For the entries below, repeat exactly each line starting with the one that contains "VANS��˹�ٷ� ��Ů�������޼п����쾭��LOGO ��ɫ" and going on through the one that contains "画像1: Ginga 〈Milky", and no others.

━━━ RECORD EXTRACTS ━━━

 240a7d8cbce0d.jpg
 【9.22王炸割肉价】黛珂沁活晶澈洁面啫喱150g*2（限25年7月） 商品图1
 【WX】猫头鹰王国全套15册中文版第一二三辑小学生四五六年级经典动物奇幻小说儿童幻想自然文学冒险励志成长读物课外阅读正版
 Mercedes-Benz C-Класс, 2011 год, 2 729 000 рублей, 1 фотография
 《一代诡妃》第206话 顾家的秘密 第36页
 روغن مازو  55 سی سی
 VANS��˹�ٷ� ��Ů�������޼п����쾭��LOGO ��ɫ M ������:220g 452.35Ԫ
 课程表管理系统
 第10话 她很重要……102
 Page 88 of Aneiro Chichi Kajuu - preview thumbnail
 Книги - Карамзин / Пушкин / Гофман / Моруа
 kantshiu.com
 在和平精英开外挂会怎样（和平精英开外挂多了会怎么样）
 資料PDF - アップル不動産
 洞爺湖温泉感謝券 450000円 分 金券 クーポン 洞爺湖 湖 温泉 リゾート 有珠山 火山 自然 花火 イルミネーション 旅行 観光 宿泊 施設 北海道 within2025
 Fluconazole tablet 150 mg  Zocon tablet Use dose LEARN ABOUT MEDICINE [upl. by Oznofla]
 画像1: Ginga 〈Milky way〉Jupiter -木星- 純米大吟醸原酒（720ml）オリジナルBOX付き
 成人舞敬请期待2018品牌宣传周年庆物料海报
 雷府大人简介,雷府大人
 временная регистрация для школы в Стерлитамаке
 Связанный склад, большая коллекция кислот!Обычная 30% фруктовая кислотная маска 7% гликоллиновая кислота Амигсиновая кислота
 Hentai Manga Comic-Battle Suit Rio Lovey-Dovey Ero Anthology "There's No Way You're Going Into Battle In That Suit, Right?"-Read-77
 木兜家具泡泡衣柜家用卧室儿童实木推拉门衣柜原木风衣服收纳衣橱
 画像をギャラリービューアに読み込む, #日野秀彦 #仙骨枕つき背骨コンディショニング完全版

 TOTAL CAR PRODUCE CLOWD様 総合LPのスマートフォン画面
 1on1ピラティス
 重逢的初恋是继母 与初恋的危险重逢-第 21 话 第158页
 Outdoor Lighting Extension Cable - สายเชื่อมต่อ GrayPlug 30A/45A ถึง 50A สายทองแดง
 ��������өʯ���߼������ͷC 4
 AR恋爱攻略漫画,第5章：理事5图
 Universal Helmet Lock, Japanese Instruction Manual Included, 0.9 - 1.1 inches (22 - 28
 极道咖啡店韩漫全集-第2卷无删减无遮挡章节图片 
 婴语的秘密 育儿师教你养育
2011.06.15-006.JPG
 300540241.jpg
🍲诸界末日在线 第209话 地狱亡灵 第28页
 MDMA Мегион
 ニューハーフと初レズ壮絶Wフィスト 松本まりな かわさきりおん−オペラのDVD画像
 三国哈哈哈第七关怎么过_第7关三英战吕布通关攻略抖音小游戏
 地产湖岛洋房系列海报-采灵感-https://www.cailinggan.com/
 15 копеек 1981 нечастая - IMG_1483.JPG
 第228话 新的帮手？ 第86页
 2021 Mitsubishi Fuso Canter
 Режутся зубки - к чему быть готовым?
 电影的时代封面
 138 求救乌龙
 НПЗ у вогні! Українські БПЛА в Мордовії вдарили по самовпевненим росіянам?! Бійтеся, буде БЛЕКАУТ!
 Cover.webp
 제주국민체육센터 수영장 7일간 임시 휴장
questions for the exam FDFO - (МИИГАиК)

━━━

* _WRITTEN SOLUTION_:
 VANS��˹�ٷ� ��Ů�������޼п����쾭��LOGO ��ɫ M ������:220g 452.35Ԫ
 课程表管理系统
 第10话 她很重要……102
 Page 88 of Aneiro Chichi Kajuu - preview thumbnail
 Книги - Карамзин / Пушкин / Гофман / Моруа
 kantshiu.com
 在和平精英开外挂会怎样（和平精英开外挂多了会怎么样）
 資料PDF - アップル不動産
 洞爺湖温泉感謝券 450000円 分 金券 クーポン 洞爺湖 湖 温泉 リゾート 有珠山 火山 自然 花火 イルミネーション 旅行 観光 宿泊 施設 北海道 within2025
 Fluconazole tablet 150 mg  Zocon tablet Use dose LEARN ABOUT MEDICINE [upl. by Oznofla]
 画像1: Ginga 〈Milky way〉Jupiter -木星- 純米大吟醸原酒（720ml）オリジナルBOX付き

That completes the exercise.